I’ve worked from home for five years now. I still have some days where impostor syndrome hits me hard. I might take a few minutes to wallow in it. Other times I just take a hot bath, and then remember who the fuck I am. Most of the time, I just use this one simple exercise.

How to Deal with Impostor Syndrome: A Simple Exercise

Do this one simple exercise regardless of how you identify: male, female, agender, third gender, etc. (Sorry, I do not have time to list every gender label that someone may subscribe to; my use of “etc” isn’t meant to be an insult. It’s meant only to save time. This exercise is inclusive regardless of identity! I love people and always do my best to refer to them by their preferred pronouns.)

You do not need a mirror or anything special. All you really need is some time to answer one question. I’ve done this with BB running around the house. I’ve done this while unloading and loading the dishwasher. I’ve done this while scrolling through Instagram. Whatever. As long as you can pay enough attention to answer one question, you can do this. And you don’t have to answer it out loud.

If I were my best self today, what would that look like?

If you woke up today and you were 100% your best self or your dream self, what qualities would you embody on a personal level? Depending on how you feel, this answer could change every day. And yes, ask yourself this question every day.

Maybe you would be:

  • More focused
  • Patient
  • Less involved on social media
  • Spend more time building your business
  • Spend 15 minutes meditating
  • Exercise
  • Be more loving

Remember, you are describing what you would be like if you suddenly woke up as your best self. While there are no rules to this, I caution you against using answers such as “My best self would be rich!” because there are certain actions you would need to take to be rich. So instead, list the actions that would get you to that end goal. And what does rich even look like to you?
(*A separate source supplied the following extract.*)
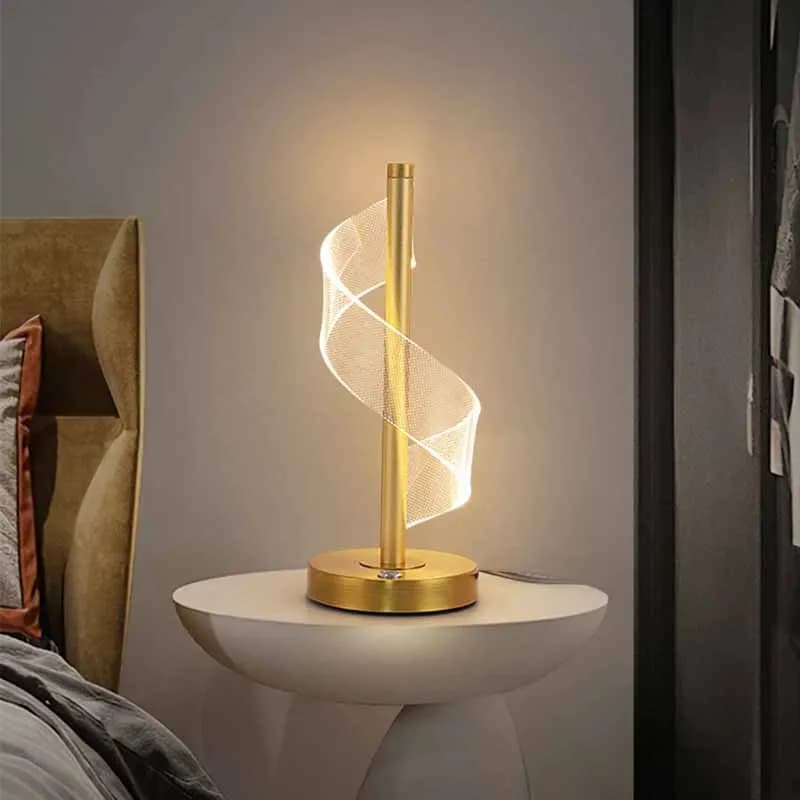 Lampade da tavolo moderne a LED Illuminazione per interni Interruttore tattile dimmerabile Lampada da comodino per camera da letto Soggiorno Decorazione dell'hotel Lampada da scrivania nordica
Related: If You Want to Be Successful, Change Your Decision Making Philosophy Now

Same with the word successful. Success is different for everyone. You need to first define what success looks like for you. Then, list what it takes to get there.

Once you have your list of traits that make up your best self, start incorporating those. I know at least one of you is arguing with the screen right now. Stop. You don’t just wake up one day as your best self.

Related: Can We Take a Minute to Talk about Excuses?

There is no best self fairy who comes and takes away impostor syndrome. The only way you become your best self and the only way to deal with impostor syndrome is to start living as your best self as best you can. And, yes, at first, it will make you feel like more of an impostor. Over time, though, you’ll recognize that what you’re doing is truly embracing who you are…and that’s all we really want out of life.